Directed by: Michael Sarnoski
Starring: Nicolas Cage, Alex Wolff, Adam Arkin
If you have a strict rule about not watching movies with ugly titles, skip that rule now. Go and watch this movie with an ugly title.
But, before watching, make sure that you are ready to decode a great deal of symbolism and be careful to understand that not everything being served at the table is just the food and only the food.
Sublimation is the essence of the movie, as usual, it comes in just one single sentence. That’s when former chef Rob (Nicolas Cage), who has run away from the whole material world and reality, tells his former apprentice: “We don’t get a lot of things to care about in our lives”. And that’s the whole truth, we really don’t and so when we have something, then we should really need to take care of it. It could be the one and only chance to care of it in your lifetime.
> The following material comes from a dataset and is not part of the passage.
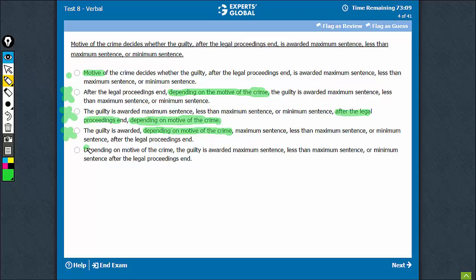Option E begins with 'depending on the motive of the crime, the guilty.' This is a modifying phrase which will refer to the noun that comes after the comma. 'Depending on the motive of the crime, the guilty' — but the guilty does not depend on the motive of the crime; the extent of punishment does. So this has a traditional modifier error and can be eliminated.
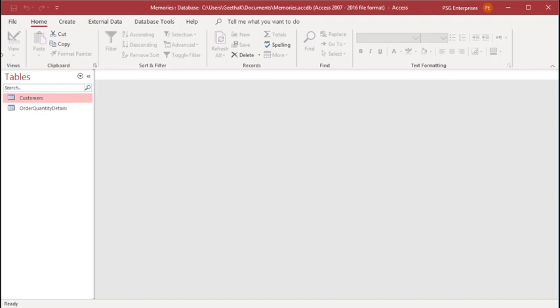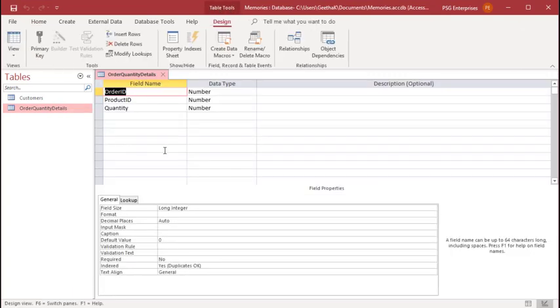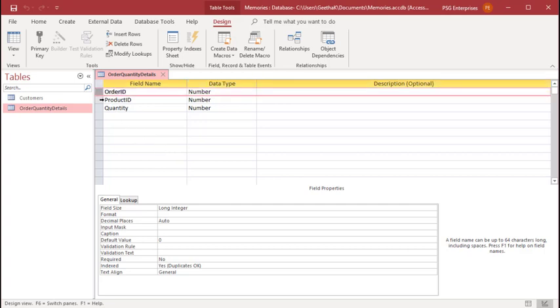Open the table in design view. To create a composite primary key, hold the control key on your keyboard. Click on the fields you want to use as a composite primary key. This highlights the selected fields.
The movie’s story can be absurd if you see it from a certain perspective but it can also seem very everyday, very ordinary, very pedestrian, if you turn things upside down.
Celebrity chef Rob has hit a wall in his life. He could not stand the urban Portland anymore after a downturn in his personal life. He is living as a recluse on the outskirts of the city. He’s main preoccupation is discovering and collecting rare mushrooms for local high-end restaurants. The titular pig is the animal “helping him” to track down hidden spots in the woods where mushrooms can be collected.
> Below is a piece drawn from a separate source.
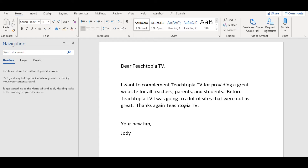Let's say I don't want to thank TeachTopiaTV. Let's say instead I want to thank Google. So what do I do?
One night, strangers attack Rob’s shelter in the woods and take his animal. He’s heading back to the city to look for his pig. He gets in lots of trouble doing that but giving up is not an option for him. He keeps going. The tragic outcome is finding out that his beloved animal was taken from him by the father of one of his best mushroom clients and current sidekick on this journey (played by Alex Wolff). The eccentric father (Adam Arkin) could not see his son being involved with the restaurant business against his will and outside his business circles. The father is apparently a kind of local mogul in the food and restaurant business. That’s why he decides to harm his son’s main mushroom supplier by taking and later killing the animal which was Rob’s companion in the wild.
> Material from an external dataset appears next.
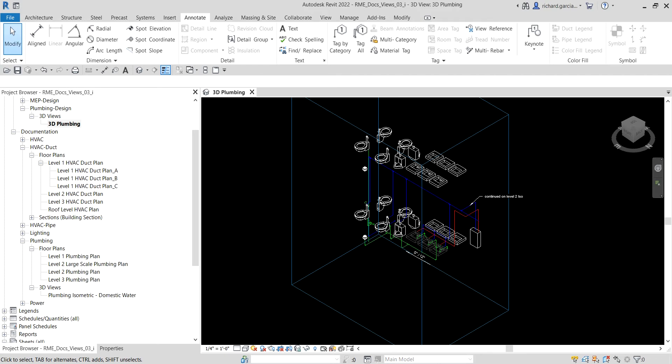What's up guys, Learning with Rich here. In this video we are going to continue our discussion about documentation in Revit MEP. After learning how to duplicate plan views and create dependent views, this time we are going to create a plumbing isometric riser for our domestic cold and hot water, and for our sanitary waste pipes in 3D view.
The movie is aiming straight at the target. Taking care of something in a lifetime does not happen to everybody. And if you are lucky enough to take this once in a lifetime chance, don’t miss it, fight for it to the end.
Wildman Rob was finding mushrooms using the woods themselves, the pig was never the one who was tracking the mushrooms but it was here, was always here in the role of silent follower. That means so much, that gave life to the dead end.
This movie is very well crafted from a directorial point. It is slow and full of atmosphere. The silence is used as narration without words. Everything is so quiet.
Nicolas Cage in the main role is performing something which he has not done for quite some time. This is the kind of acting so unfamiliar for him in the last several years.
Go and watch this movie, and don’t forget to read between the lines while you recognize the point of the story’s symbols.